La Argentina continúa siendo ese diamante en bruto inmenso, deslumbrante en potencia, incómodo en la práctica. Riquezas naturales extraordinarias, una capacidad humana probada, creatividad, resiliencia, talento. Todo está ahí. Pero, como ocurre con ese diamante gigantesco e inabarcable, nadie parece dispuesto a hacerse cargo de él. No por su falta de valor, sino por el temor que genera cuidarlo, protegerlo, administrarlo sin que se fracture.

Un diamante así intimida. Requiere reglas claras, manos expertas, confianza colectiva. Y cuando eso no existe, su valor queda reducido a una promesa incumplida. Algo similar sucede con el país: lo tenemos todo, pero no logramos convertirlo en bienestar compartido.

En ese escenario de frustraciones reiteradas, la Selección aparece como una excepción luminosa. No porque sea perfecta, sino porque funciona. Porque allí hay un proyecto reconocible, un objetivo compartido y una noción clara de sacrificio común. Nadie discute para qué está la Selección: está para representarnos, para competir, para intentar ganar. Y en ese intento, incluso cuando no se gana, hay dignidad.

Esa lógica —tan simple y tan compleja a la vez— es la que nos sigue dando felicidad. Y también ilusión.

Hoy, a tres años del título del mundo, la alegría es la misma que aquella tarde inolvidable. Pero, aunque ya no hay desborde ni catarsis masiva, hay algo distinto: una esperanza más madura. La ilusión de que en 2026 pueda llegar una nueva estrella. No como un acto mágico, sino como la continuidad de un proceso que demostró que se puede.

Y allí vuelve a aparecer Lionel Messi.

Messi ya no es solo el héroe que volvió a levantar la copa después de 36 años. Es el símbolo de una perseverancia que no claudica, aun cuando el cuerpo pide descanso. Su sola presencia mantiene viva la ilusión. No porque garantice el triunfo, sino porque encarna un modo de estar: comprometido, humilde, colectivo.

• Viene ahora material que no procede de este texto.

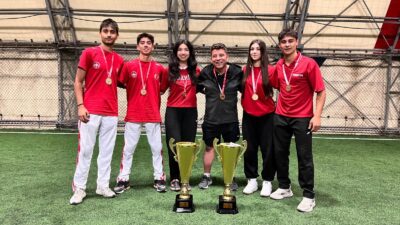 Afyonkarahisar’ın ev sahipliğinde gerçekleştirilen Okul Sporları Kriket Türkiye Şampiyonası’nda, Ankara'nın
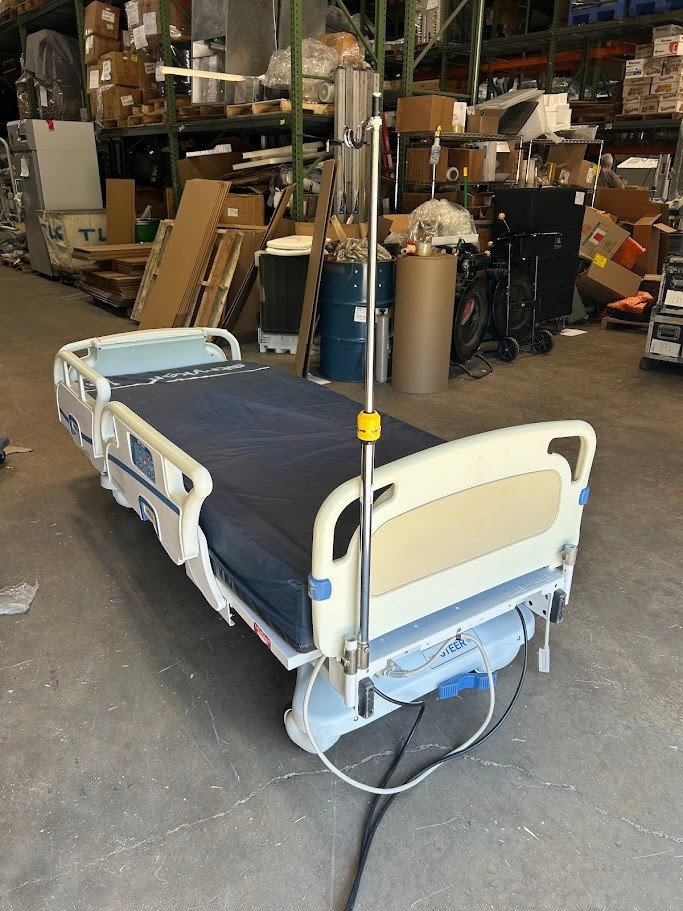 Stryker 3002 S3 Fully Electric 500 lbs Hospital Bed w/ End Cap Controls, Scale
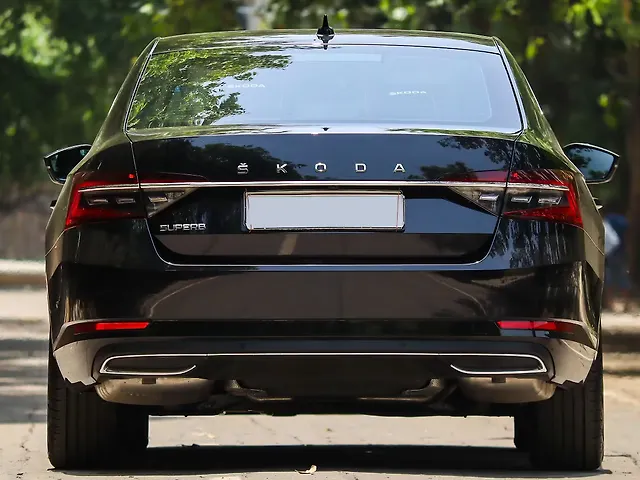 Used Skoda Superb [2024] L&K in Delhi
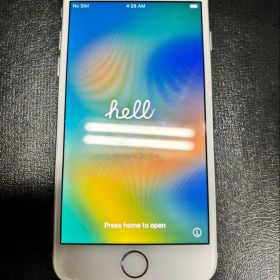 Apple iPhone 8 シルバー 本体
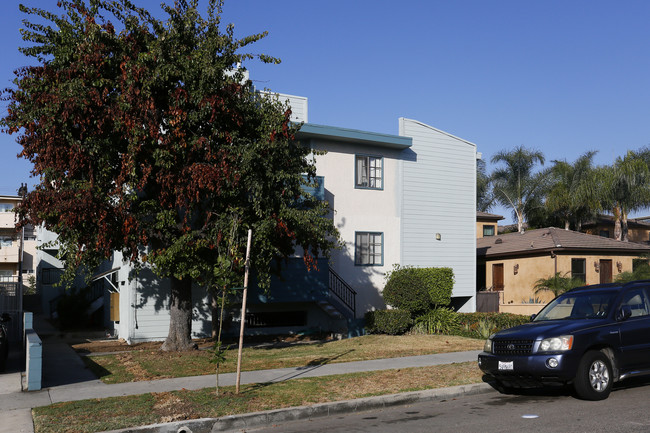 3671 Jasmine Ave in Los Angeles, CA - Foto de edificio - Building Photo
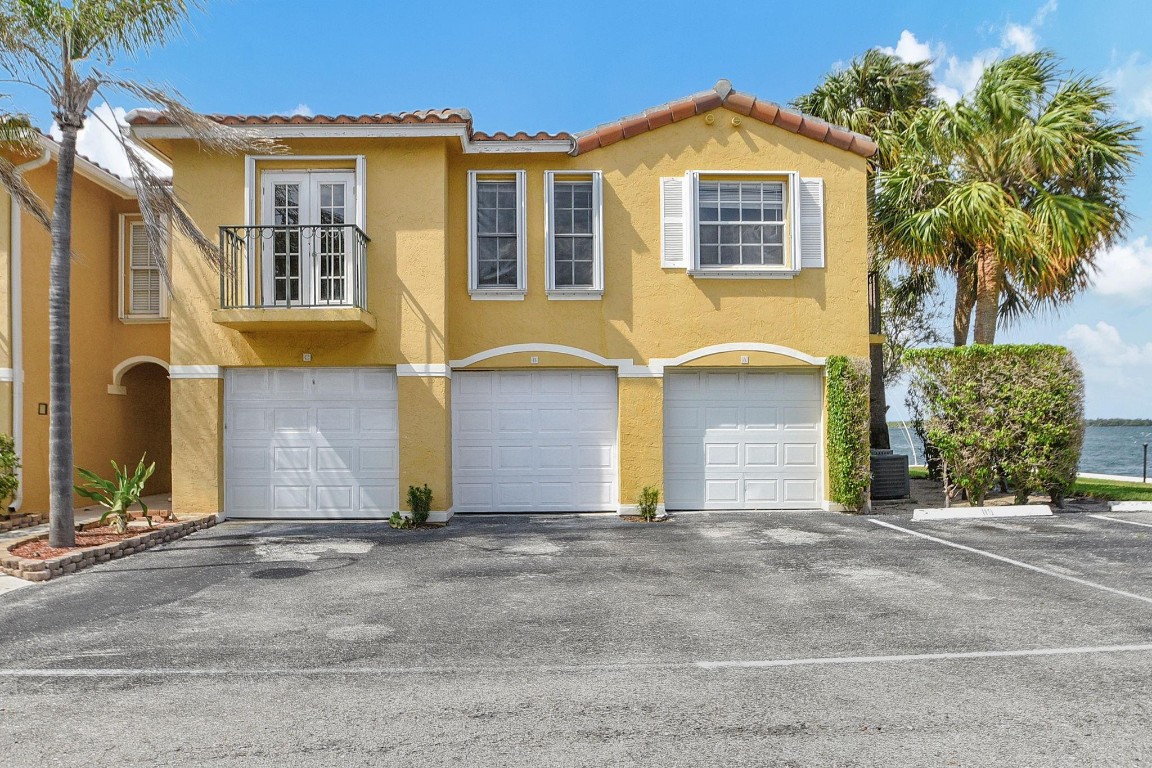 1155 Lake Shore Dr 205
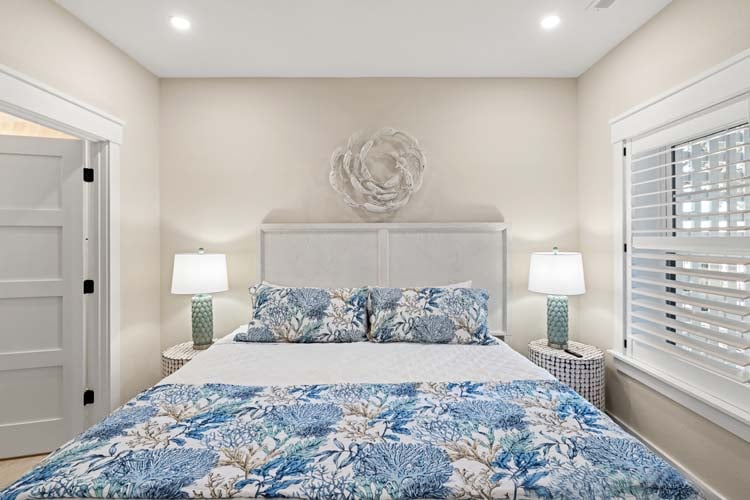 Ground Floor King with Private Bath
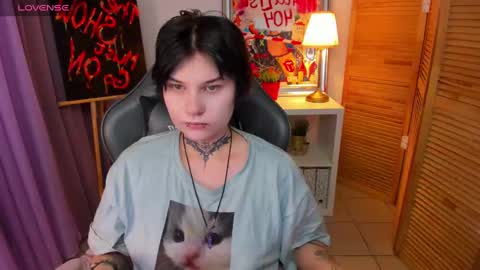 Snapshot of mekurisu chatting on 02/02/25, 01:34 mekurisu online show from 02/02/25, 01:34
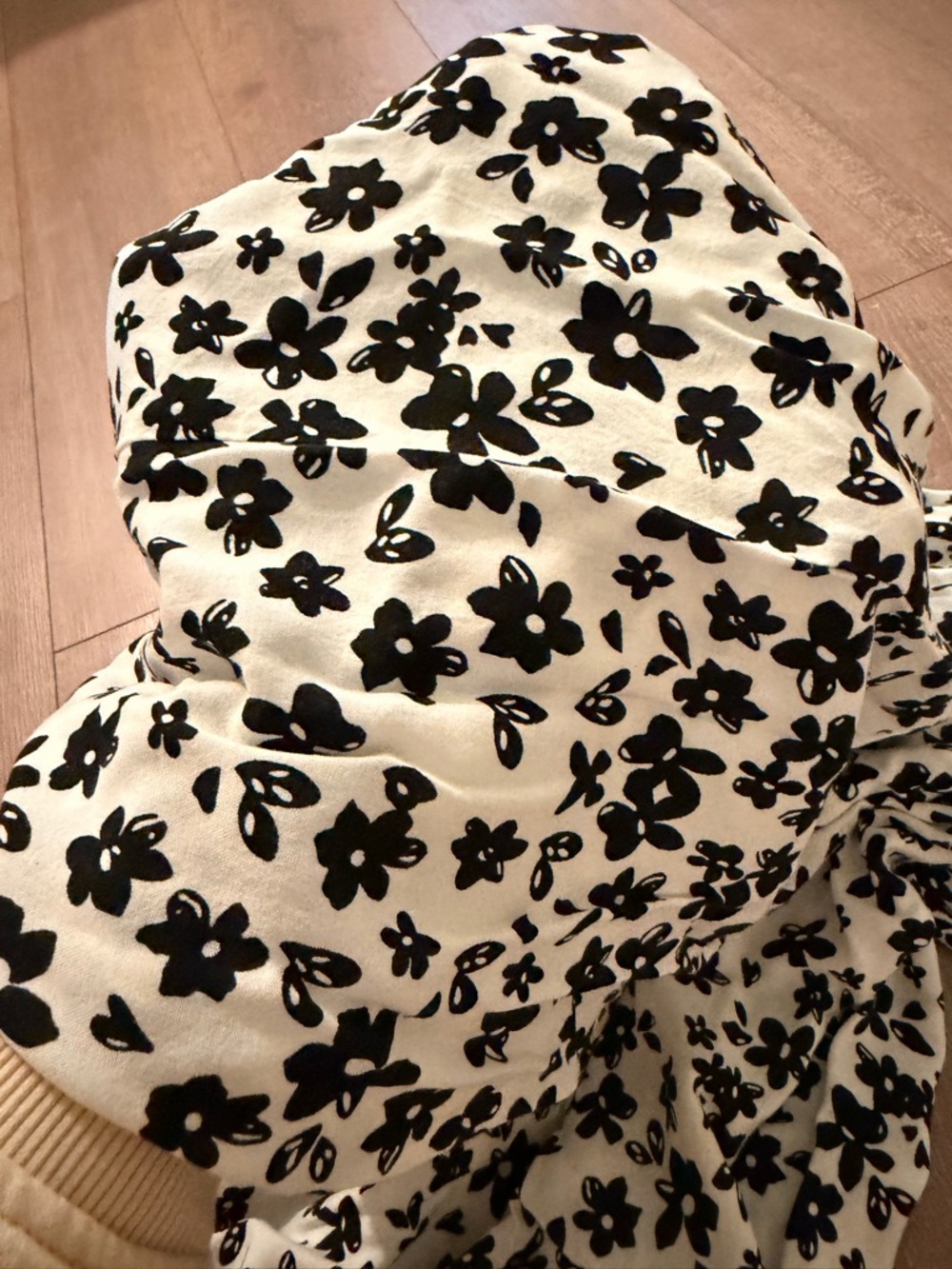 NWOT Kendall + Kylie flowy wide leg pants in a black & white floral print 🖤🤍 - Picture 7 of 7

Messi nos recuerda que las diferencias no desaparecen por arte de magia, pero que pueden convivir bajo una causa común. Que no hace falta pensar igual para empujar en la misma dirección. Que el liderazgo no se ejerce desde el discurso efectista, pero vació de contenido, sino desde el ejemplo.

Quizás por eso el fútbol sigue siendo nuestro refugio emocional. No porque ignore la realidad, sino porque nos muestra una versión posible de nosotros mismos. Una en la que las diferencias existen, pero no impiden el abrazo. Una en la que el conflicto no anula el proyecto. Una en la que el talento se pone al servicio del equipo.

La pregunta, tres años después, no es por qué seguimos necesitando al fútbol para unirnos. La pregunta es qué nos falta para que esa lógica se expanda más allá de la cancha.

Mientras tanto, seguimos mirando a la Selección. No para olvidar lo que duele, sino para recordar que, aun heridos, somos capaces de ilusionarnos juntos. Y en un país como el nuestro, esa no es una virtud menor.